Exercise description → Copy every entry word for word, but skip the pictures.
Data records Block Start
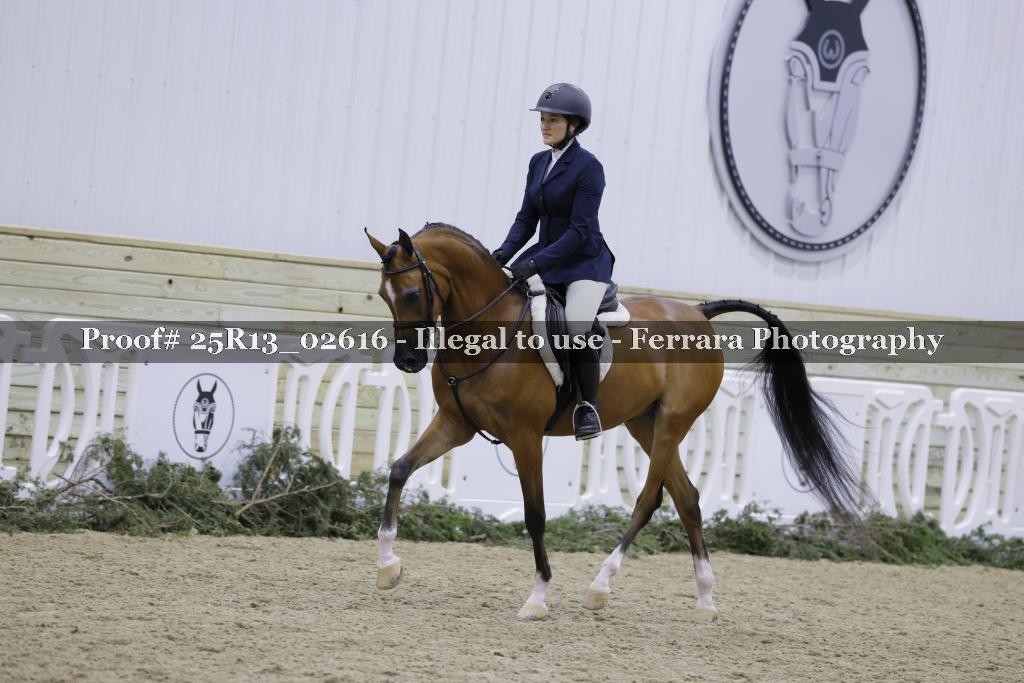 Proof Number 25R13_02616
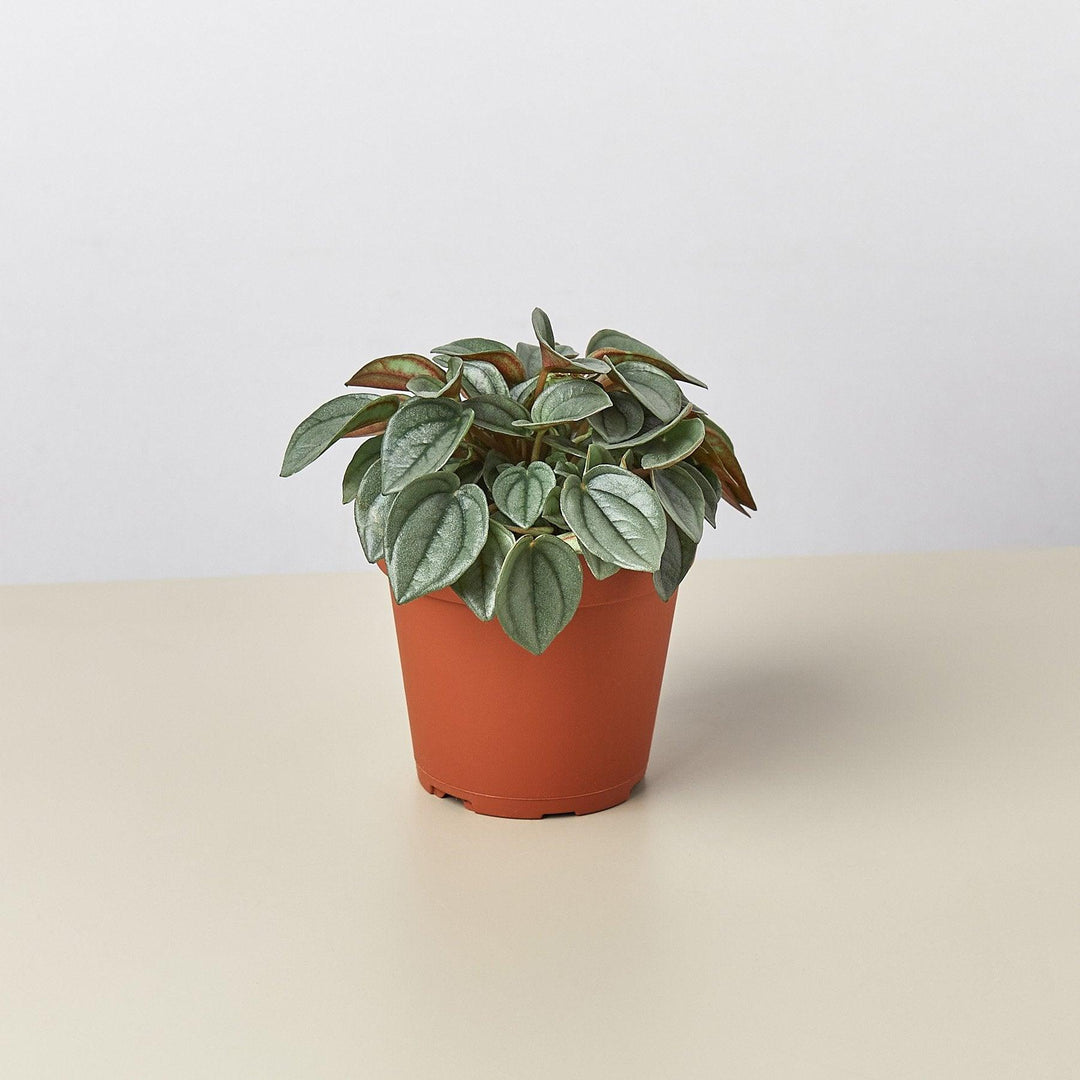 Peperomia 'Napoli Nights' - 4" Pot - Casey & Company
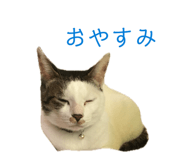 841709801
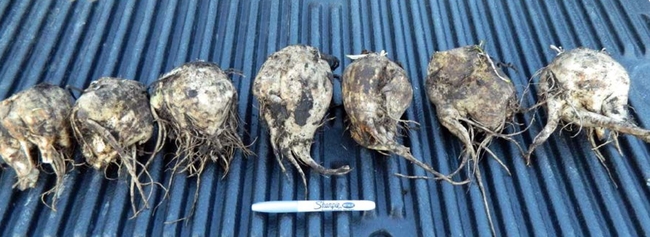 Fangy roots caused by experimental seed treatment in sugarbeet
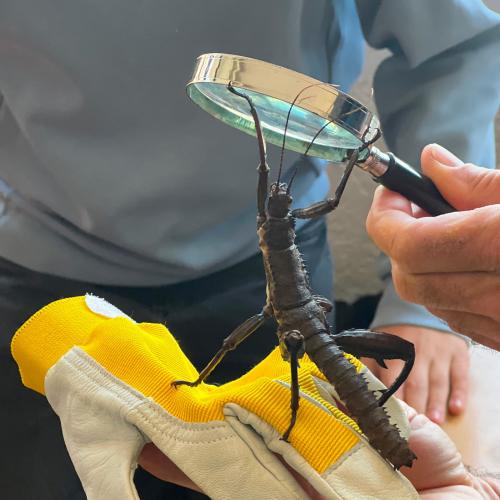 Graue Gespenstschrecke auf Handschuh unter der Lupe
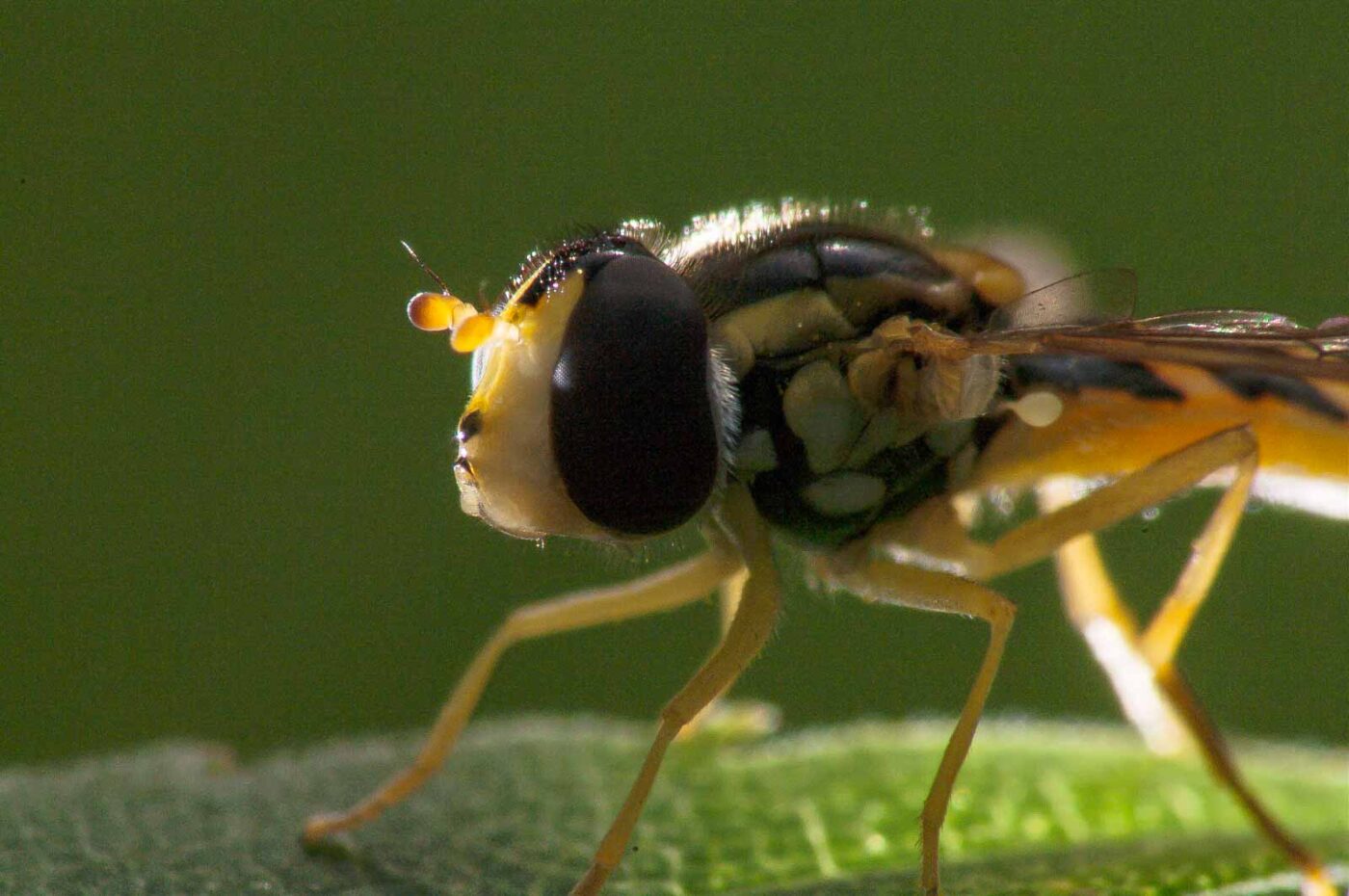 2017-08-21 - NSG Resser Wald und Emscherbruch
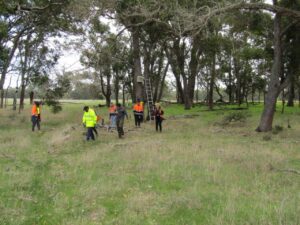 Mt Barker Noongar Rangers installing fauna habitats.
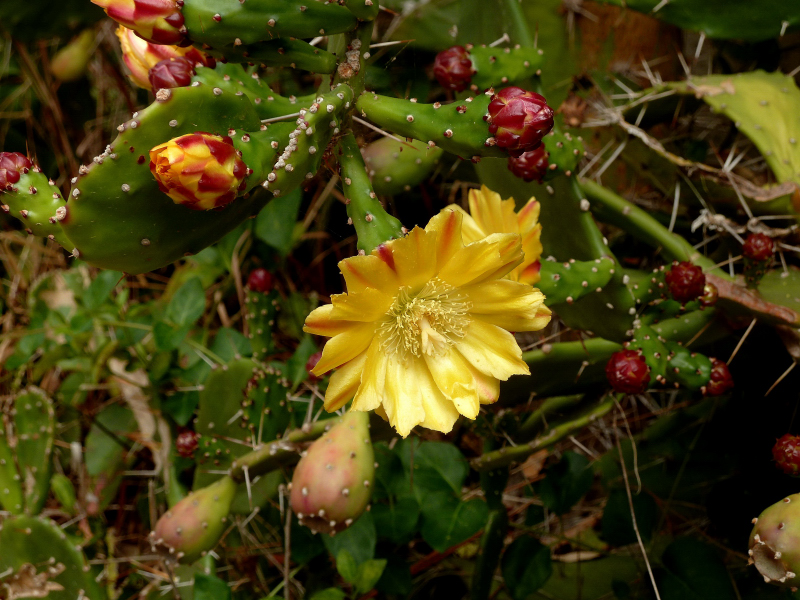 Figues de Barbarie.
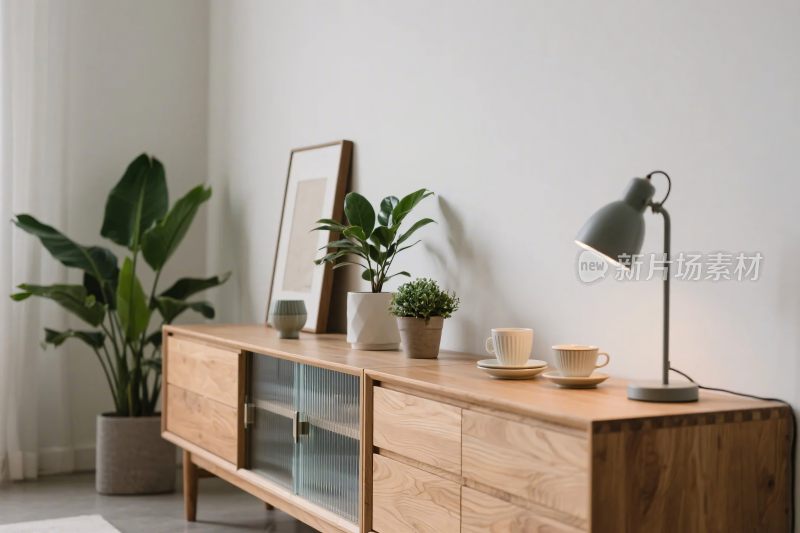 简约室内绿植布置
Data records Block End
Answer →
 Proof Number 25R13_02616
 Peperomia 'Napoli Nights' - 4" Pot - Casey & Company
 841709801
 Fangy roots caused by experimental seed treatment in sugarbeet
 Graue Gespenstschrecke auf Handschuh unter der Lupe
 2017-08-21 - NSG Resser Wald und Emscherbruch
 Mt Barker Noongar Rangers installing fauna habitats.
 Figues de Barbarie.
 简约室内绿植布置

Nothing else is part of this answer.